13 Lug 2024 15:52 - di Giulia Desideri
Putin

Putin dà l’ennesima “lezione” di democrazia alla rovescia. Il presidente russo ha firmato il provvedimento approvato dal Parlamento di Mosca che impone a deputati e senatori un’autorizzazione prima di lasciare il Paese. Se andranno all’estero senza essere autorizzati, potrebbero perdere il loro seggio. Il testo spiega che limitare i viaggi all’estero è necessario in un clima di nuove minacce per la sicurezza della Russia.

Putin, la Duma e il Consiglio Federale

Il Parlamento federale russo ha una struttura bicamerale. È composto dalla Duma (la Camera bassa), formata da 450 deputati ed eletta a suffragio universale ogni quattro anni, e dal Consiglio Federale, costituito da 166 senatori eletti in maniera indiretta dalle Assemblee locali.

Secondo la Costituzione, il Paese è composto da ottantacinque soggetti federali, compresa la Repubblica di Crimea e la città di Sebastopoli, la cui recente istituzione è contestata a livello internazionale e indicata come annessione illegale.

Parlamentari fuori da Mosca solo con il sì del governo

Con la legge promulgata da Putin, deputati e senatori russi potranno lasciare il Paese solo se autorizzati: missioni di lavoro ma anche eventuali motivi personali dovranno avere l’ok governativo, altrimenti i parlamentari potranno essere dichiarati decaduti. Una cosa che ovviamente non si è mai vista nelle vere democrazie liberali.

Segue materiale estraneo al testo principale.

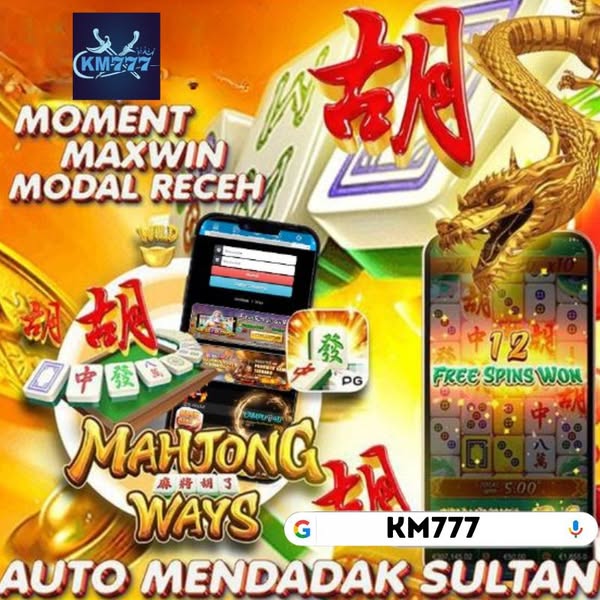 KM777 - Situs Resmi Slot Online dan Pilihan Game PG Soft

Gajdar(ex primo ministro): “Putin è un colosso pieno di crepe”

Yegor Gajdar, primo ministro nel 1992 in sostituzione di Boris Eltsin, nella prefazione al suo libro “Il collasso di un impero” (Edizioni Nuova Cultura), avanza una analogia tra la Russia postsovietica e la disfatta della Repubblica di Weimar. Un confronto illuminante, pur tenendo conto delle differenze tra l’avvento del nazismo e la nascita di un potere fortemente autoritario e caratterizzato da tendenze totalitarie. Il sostegno della Chiesa ortodossa a Vladimir Putin stenta però a restaurare lo spirito dell’impero “sacrale” delle origini e quello dell’universalismo marxista.

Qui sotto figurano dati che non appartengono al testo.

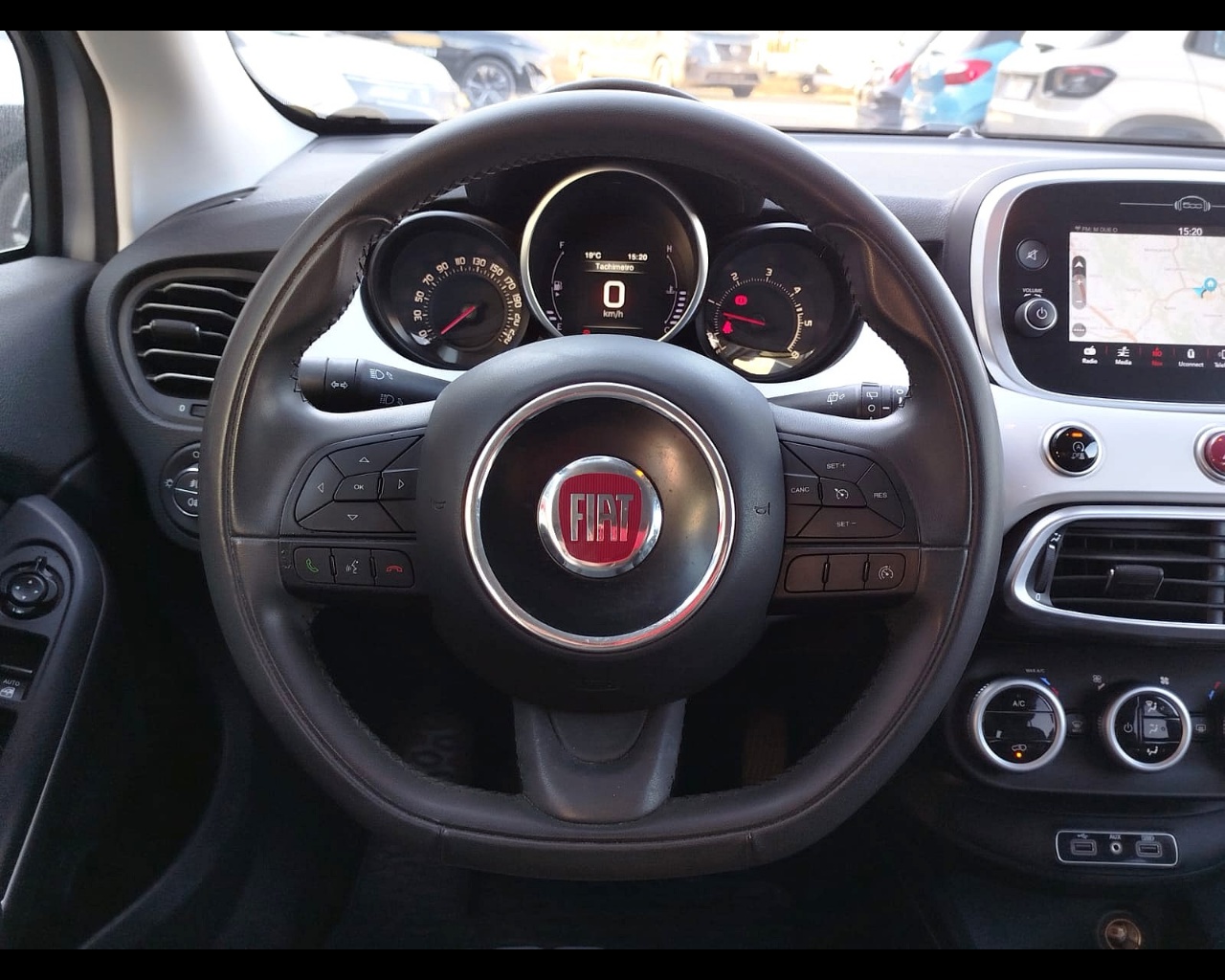 Foto FIAT 500X 1.6 mjt Lounge 4x2 120cv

Nel libro si sottolinea che, “L’invasione dell’Ucraina è stato un errore politico che ha creato una frattura insanabile tra due grandi paesi limitrofi, legati da secolari ancorché complessi rapporti. Con quali vantaggi sul piano della sicurezza territoriale è difficile dire, soprattutto rispetto alla perdita di affidabilità richiesta dalla pur sempre necessaria cooperazione con la comunità democratica internazionale. Putin è sedotto dal progetto di un anacronistico nuovo impero russo con ambizioni egemoniche europee, che, con un termine in cui geografia e ideologia si fondono, può essere chiamato eurasiatico”, scrive l’ex primo ministro di Mosca..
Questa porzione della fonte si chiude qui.